Conversation
| // | ||
| // (-- api-linter: core::0140::prepositions=disabled | ||
| // aip.dev/not-precedent: "to" is used to indicate interval. --) | ||
| google.protobuf.Duration schedule_to_start_timeout = 4; |
There was a problem hiding this comment.
Can you clarify whether this has a specific recent need, or was this just something found on the backlog at temporalio/temporal#778? History fields are pretty scrutinized, so would want to confirm there is a pressing reason for this.
Also, the PR description is missing the accompanying server PR showing how this will be implemented.
There was a problem hiding this comment.
This change came from the backlog.
There isn’t a new production incident driving it.
The original issue was observability: the UI could show a user-configured schedule-to-start timeout (e.g. 10s) while the server used a different (e.g. hardcoded) value, so users couldn’t see what was actually in effect from history. The goal is to make history reflect the schedule-to-start timeout when the server enforces one, so there’s no pressing reason beyond that observability/consistency improvement.
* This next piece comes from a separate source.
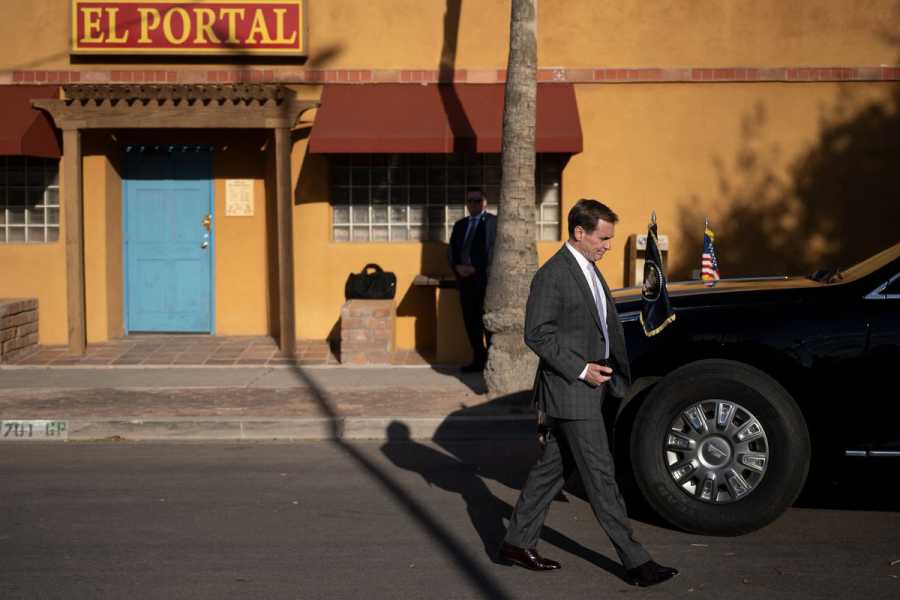 John Kirby, wearing a suit, walks past a black SUV flying a small American flag and official government flag. Behind him is a yellow building with rust-colored awnings and a blue door.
If you’d rather not add history fields for that alone, I’m happy to close or repurpose the PR.
Also thanks for pointing out the missing server PR I thought I added it in the description.
| // | ||
| // (-- api-linter: core::0140::prepositions=disabled | ||
| // aip.dev/not-precedent: "to" is used to indicate interval. --) | ||
| google.protobuf.Duration schedule_to_start_timeout = 4; |
There was a problem hiding this comment.
Would like to understand details of how this value is present and/or updated or not on successive task failures or timeouts. I wouldn't expect speculative task failure is ever recorded, or is it? And as for sticky, I suppose it can only occur once because rescheduled task does not have a schedule to start?
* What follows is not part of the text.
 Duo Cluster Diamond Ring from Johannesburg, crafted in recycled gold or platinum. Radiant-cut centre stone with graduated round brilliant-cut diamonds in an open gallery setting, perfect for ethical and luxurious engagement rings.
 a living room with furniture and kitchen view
Any reason not to add this field to WorkflowTaskTimedOutEventAttributes instead?
There was a problem hiding this comment.
This is what I think is happening so far the server only sets schedule_to_start_timeout when it actually enforces a schedule-to-start timeout i.e. for sticky workflow tasks and for speculative workflow tasks on the normal queue. For a normal task on the normal queue the field stays unset, so it isn’t “updated” across successive timeouts in the usual retry sense; it’s only present on the scheduled events where that timeout applies.
For speculative tasks, the schedule-to-start timeout is recorded: when the timer fires we create the WORKFLOW_TASK_SCHEDULED event at that moment (in AddWorkflowTaskScheduleToStartTimeoutEvent) and then add the WORKFLOW_TASK_TIMED_OUT event, so the scheduled event and its timeout are written together.
For sticky, schedule-to-start only applies to the sticky task; after it times out we reschedule on the normal queue, and that new scheduled event doesn’t have a schedule-to-start timeout, so the field wouldn’t be set there.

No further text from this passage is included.